这是一副很长的叙事画,从最左端开始,是连串的卷曲浪线,代表了这里是一片巨大的水域,不过上面涂抹的泥彩并不是蓝色,而是一种让人作呕的,皮肤腐烂而成的灰白色,看起来泛滥着一股浓郁的死气,而继续延伸的画面也证实了这一点,这是一股滔天的巨浪,只是它包含的全是可怕而致命的毒液,大群的野兽和人类都被它追赶着,亡命的奔逃着,而落后者则成为了水面上的一具枯骨。
在这一切的上方,是被烈焰焚烧着的天空,红黑色的血液疯狂的抹涂在墙上,展现出怒焰那疯狂而肆意的破坏力,被毒水与怒焰逼急了的野兽们,一边逃窜,一边疯狂的撕咬着人类,所有的人类都在哭喊着奔逃,却只能在这末日一般的光景里一一死去。
而在整幅画卷的中间位置,一个高大的影子浑身散发着璀璨的金光,以至于难以看清他的面目,只看到他的一只手轻轻举起,似乎就有一道无形的屏障,挡住了肆虐的毒浪,焚天的烈焰,还有那凶猛的野兽,逃到了安全地带的人类们纷纷跪在地上,虔诚的扣头,而他的另一只手上正拖着一个造型威猛,光彩夺目的人类,要将他放到地面上,画面远处的青山上,无数的工人正在开垦山林,建造起广袤的农田,以及巨大的城市。
“神子天降救世图?”头领狐疑的念叨了一声。
随着几个人最后的一发力,将伪装布全扯了下来,露出了画卷的最后一部分,这部分用上了前边从未出现过的,死去的心脏才具有的紫色,显示出前所未有的邪诡气氛,这里的地面布满了紫色的裂缝,上面是一群怒目圆睁,张嘴狂叫的人类,他们的脚下,是几具四分五裂的尸体,看装束打扮,赫然就是从‘神’手里放下的那种人。

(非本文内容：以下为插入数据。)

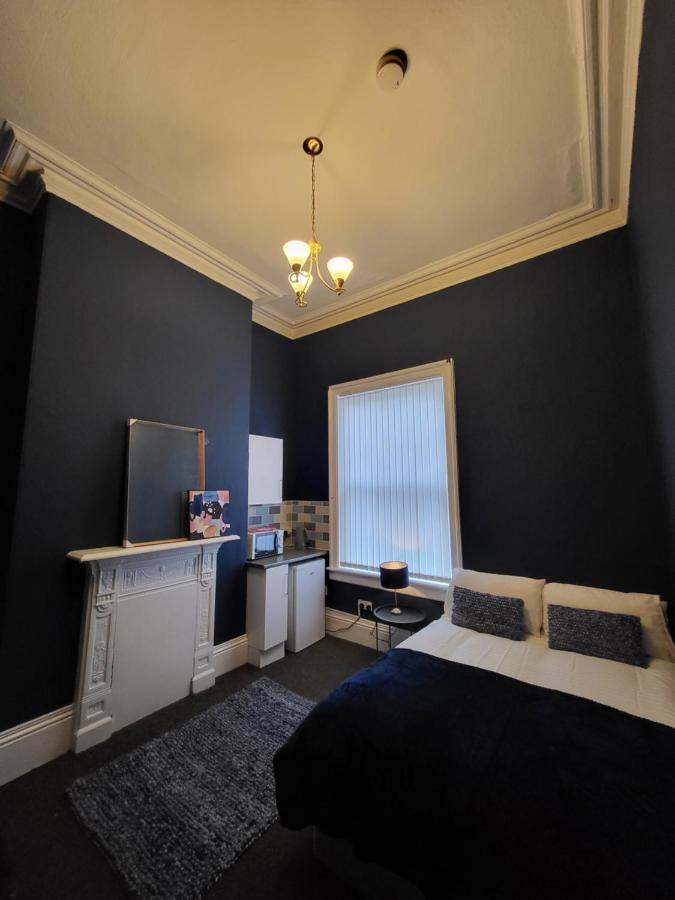 Large Digbeth Double Room Shared Bathroom Бирмингам Екстериор снимка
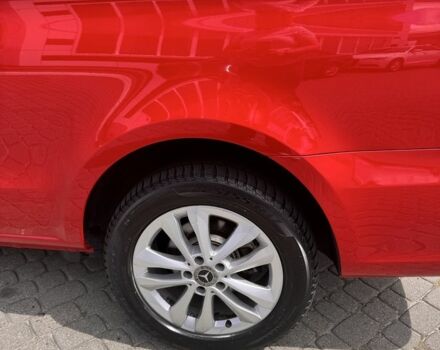 Красный Мерседес Вито, объемом двигателя 2.1 л и пробегом 384 тыс. км за 19899 $, фото 16 на Automoto.ua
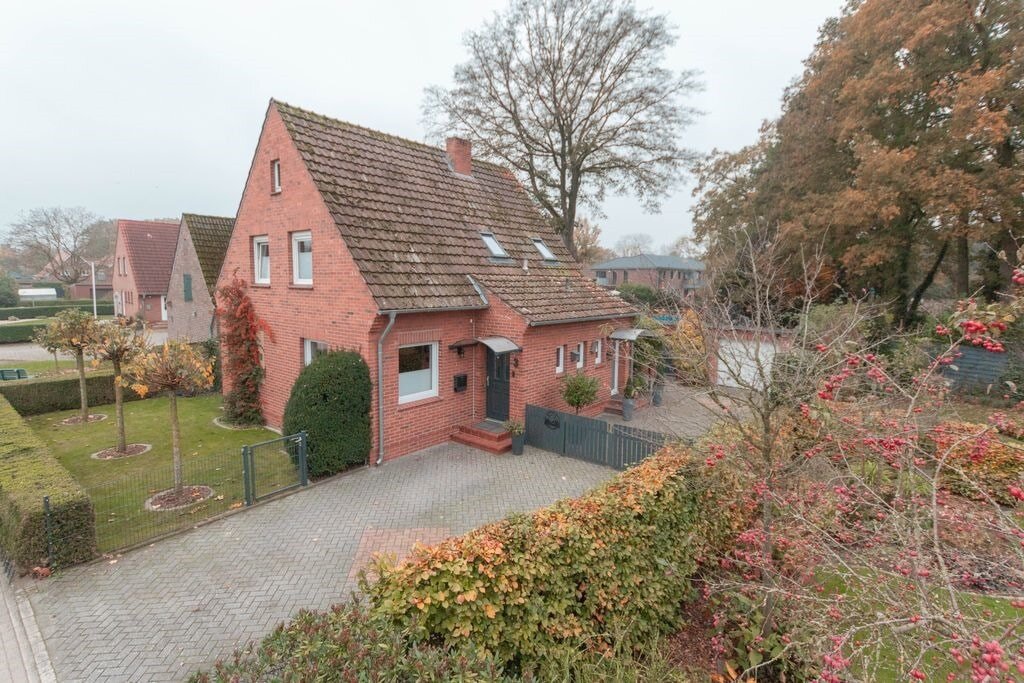 Einfamilienhaus zum Kauf 334.000 € 4 Zimmer 110 m²<br/>Wohnfläche 844 m²<br/>Grundstück Emlichheim Emlichheim 49824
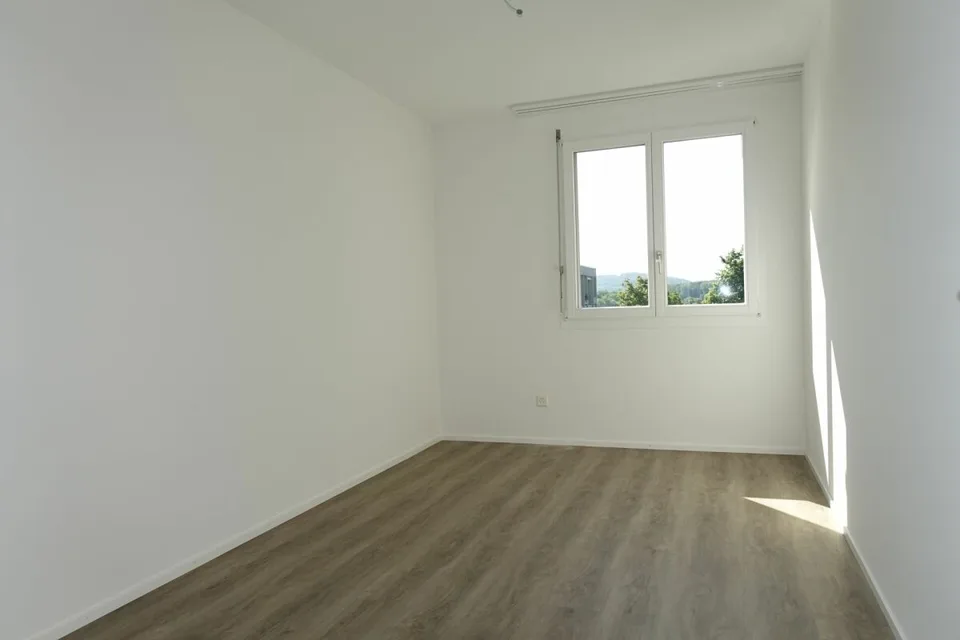 Renovierte 3.5 Zi-Eigentumswohnung mit Balkon und Einstellhallenplatz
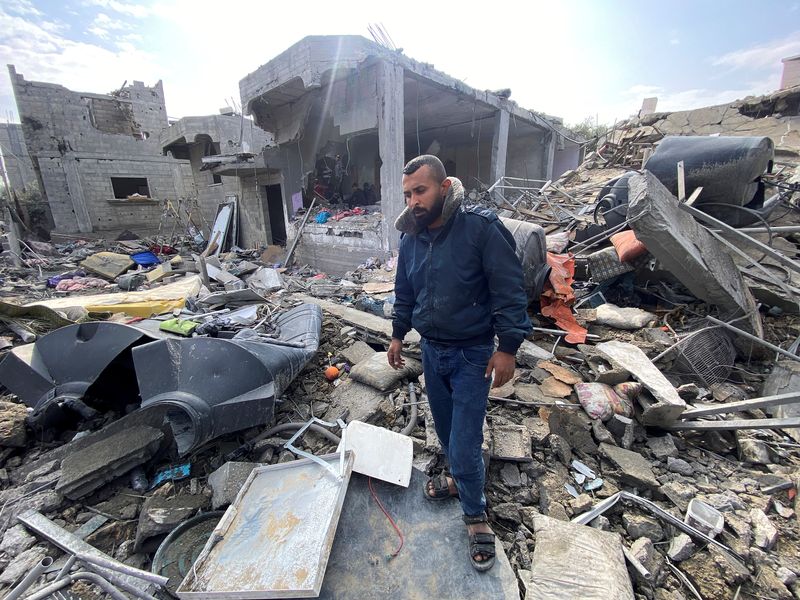 © Reuters. Palestinian man Ibrahim Al-Haj Youssef, who lost four of his children and his wife in an Israeli air strike, stands amidst debris, amid the ongoing conflict between Israel and Hamas, at the Maghazi camp, in the central Gaza Strip, December 25, 2023. REUTERS/Doaa Ruqaa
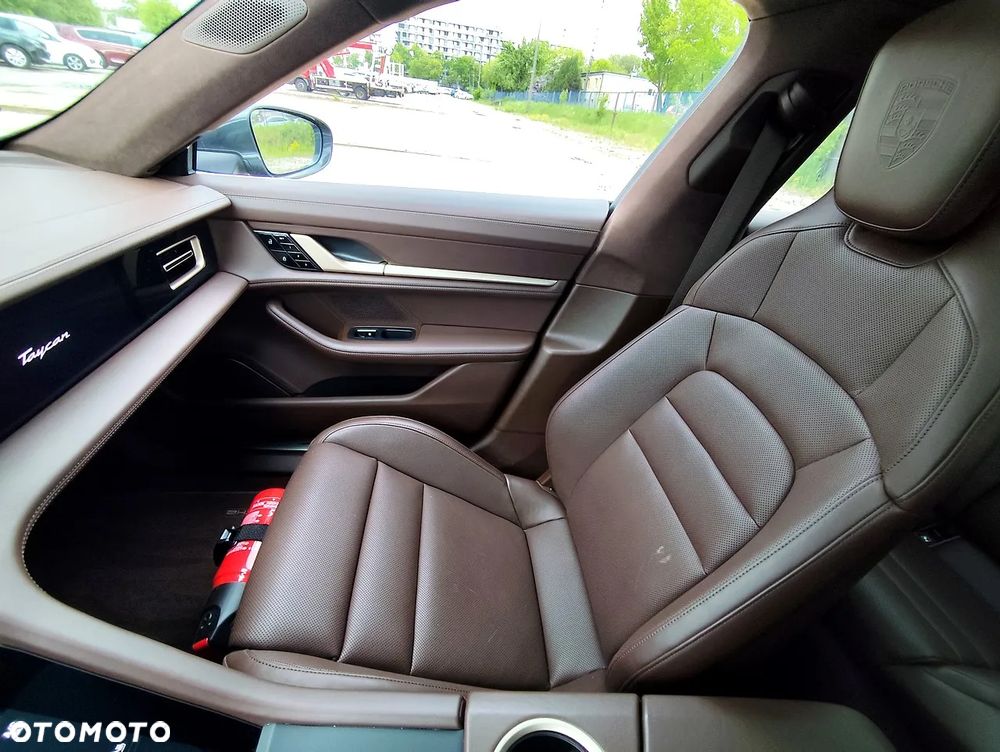 Porsche Taycan Turbo - 27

在这群人类的最前方,是一个身材高大,高举长矛的人,他的矛尖直直的对准了那个光芒万丈的‘神’,似乎下一秒的就要将手中的长矛飞掷出去,成为第一个胆敢弑神的人,当看到这里的时候,人们才会发现,画匠所有的心血,还有最后的一点希望,都集中在了这一个人身上,他才是整幅画卷的核心所在,以至于他的浑身都充满了生命灵性,就像一个巨大的漩涡中心一样,牢牢地牵扯着这个世界的一切,这里的一切都只是为了他的这一刻而存在。
而当你想要看清他的面貌时才会惊讶的发现,他的头部位置竟然是空荡荡的,这个引导了整个世界的人,竟然没有头!
他的头在哪里?
他的头正被他的另一只手托起,远远的扔到了兽群之中,几只野兽正在疯狂的啃咬着那颗人头,将它撕扯的血肉狼藉、面目难分。